SUPPLIED RECORDS
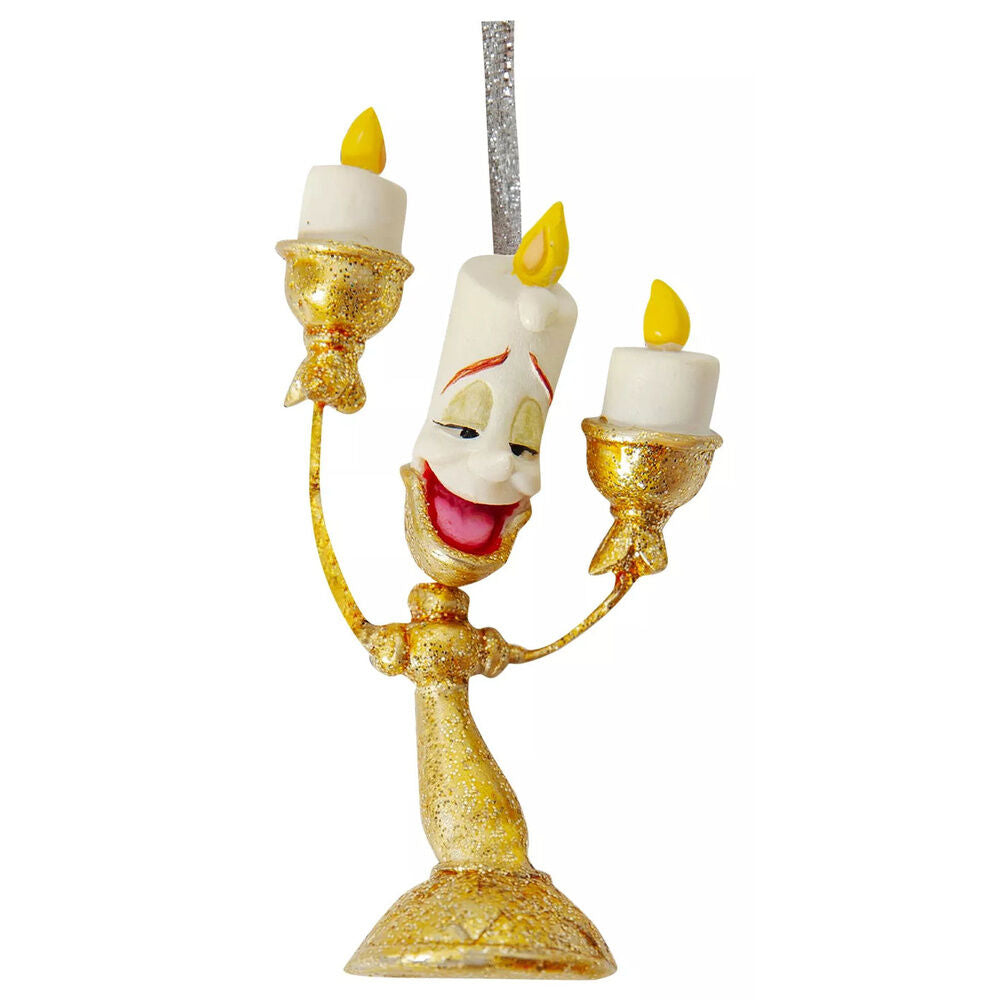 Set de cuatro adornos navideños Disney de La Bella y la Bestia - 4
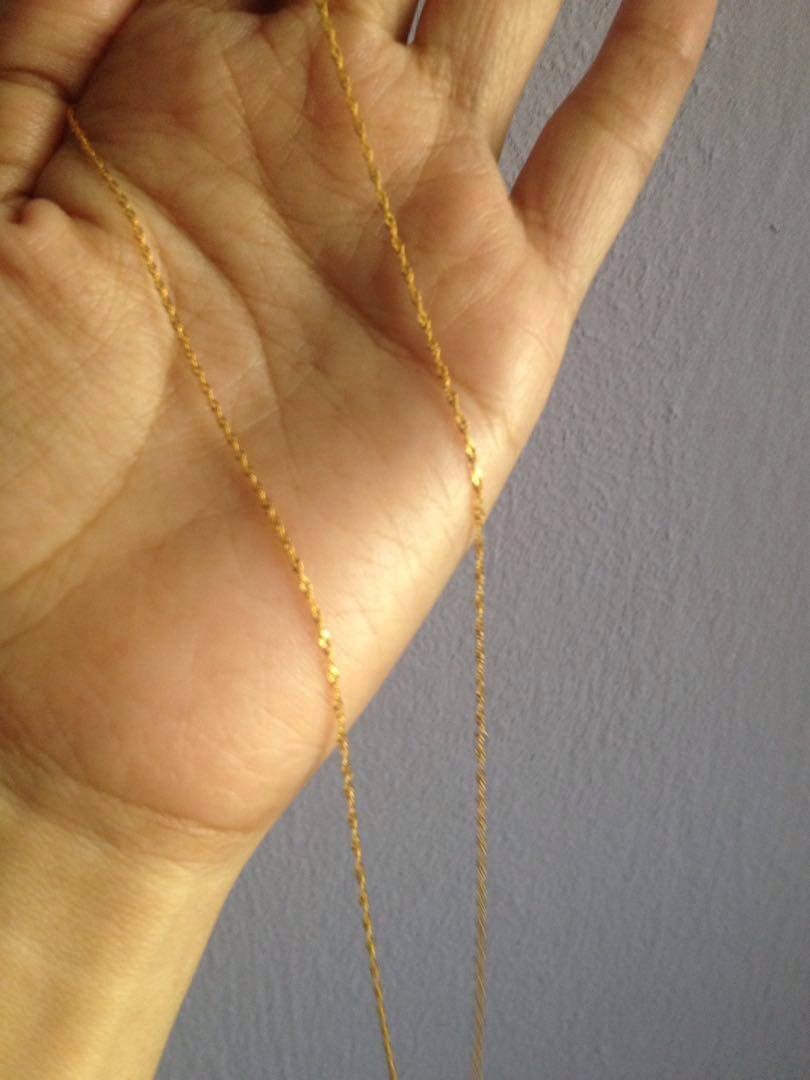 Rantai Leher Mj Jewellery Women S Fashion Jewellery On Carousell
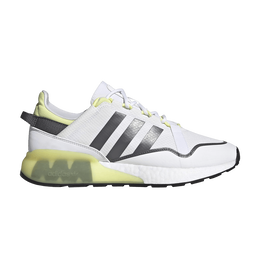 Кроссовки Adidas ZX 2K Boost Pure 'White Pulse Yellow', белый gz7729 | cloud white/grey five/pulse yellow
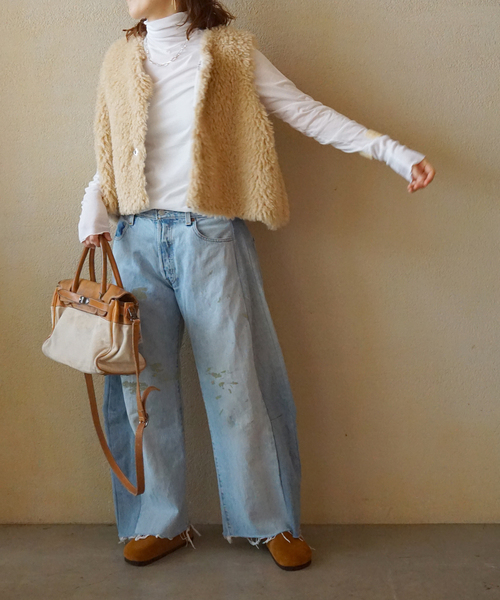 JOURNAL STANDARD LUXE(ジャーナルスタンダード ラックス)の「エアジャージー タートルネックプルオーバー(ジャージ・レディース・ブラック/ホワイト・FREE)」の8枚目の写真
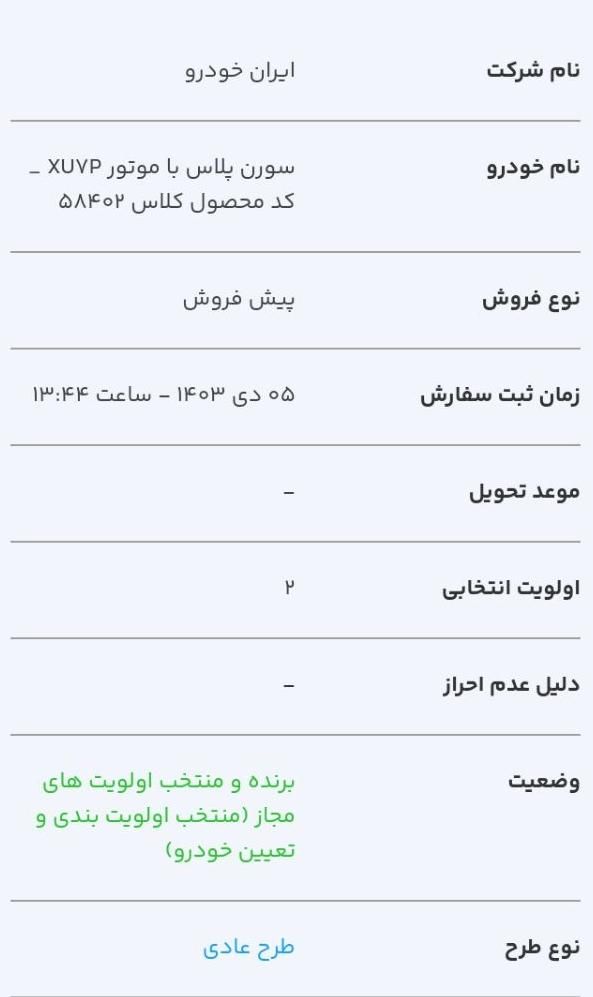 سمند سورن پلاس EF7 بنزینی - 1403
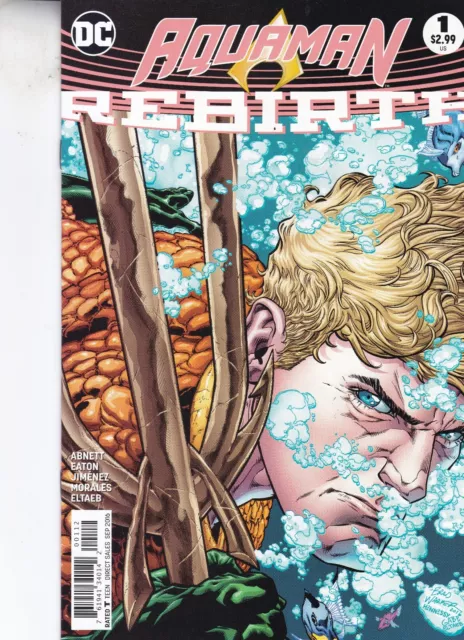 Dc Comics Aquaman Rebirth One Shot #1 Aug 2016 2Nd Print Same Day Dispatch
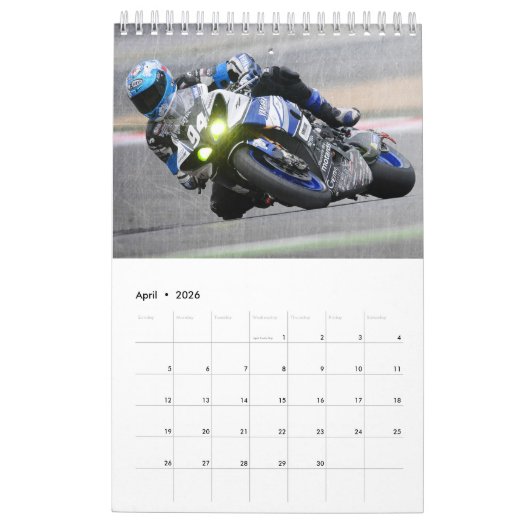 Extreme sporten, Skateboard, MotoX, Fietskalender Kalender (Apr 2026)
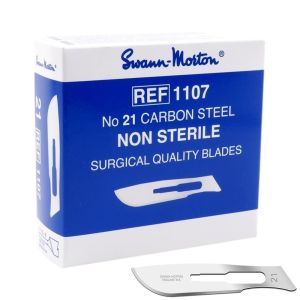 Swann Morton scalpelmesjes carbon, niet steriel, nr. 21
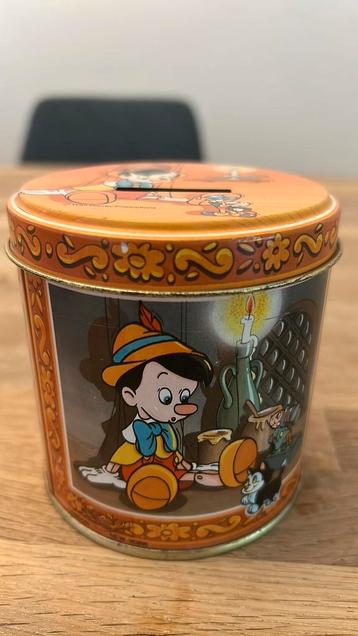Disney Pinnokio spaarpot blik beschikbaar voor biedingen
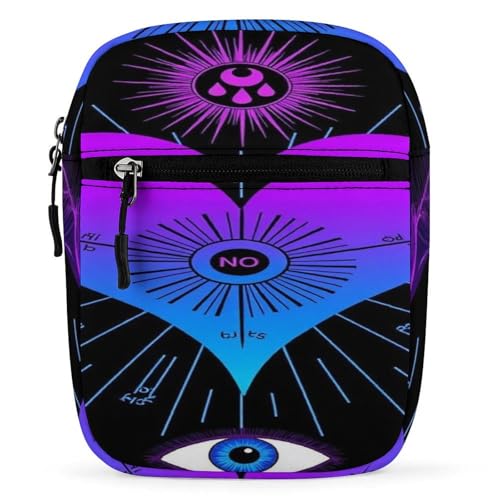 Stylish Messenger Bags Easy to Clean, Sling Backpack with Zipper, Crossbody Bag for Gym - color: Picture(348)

EXERCISE DIRECTIONS
Make an exact copy of the whole listing, but don't bring over any pictures.

OUTPUT FOR THIS EXERCISE
 Set de cuatro adornos navideños Disney de La Bella y la Bestia - 4
 Rantai Leher Mj Jewellery Women S Fashion Jewellery On Carousell
 Кроссовки Adidas ZX 2K Boost Pure 'White Pulse Yellow', белый gz7729 | cloud white/grey five/pulse yellow
 JOURNAL STANDARD LUXE(ジャーナルスタンダード ラックス)の「エアジャージー タートルネックプルオーバー(ジャージ・レディース・ブラック/ホワイト・FREE)」の8枚目の写真
 سمند سورن پلاس EF7 بنزینی - 1403
 Dc Comics Aquaman Rebirth One Shot #1 Aug 2016 2Nd Print Same Day Dispatch
 Extreme sporten, Skateboard, MotoX, Fietskalender Kalender (Apr 2026)
 Swann Morton scalpelmesjes carbon, niet steriel, nr. 21
Disney Pinnokio spaarpot blik beschikbaar voor biedingen
 Stylish Messenger Bags Easy to Clean, Sling Backpack with Zipper, Crossbody Bag for Gym - color: Picture(348)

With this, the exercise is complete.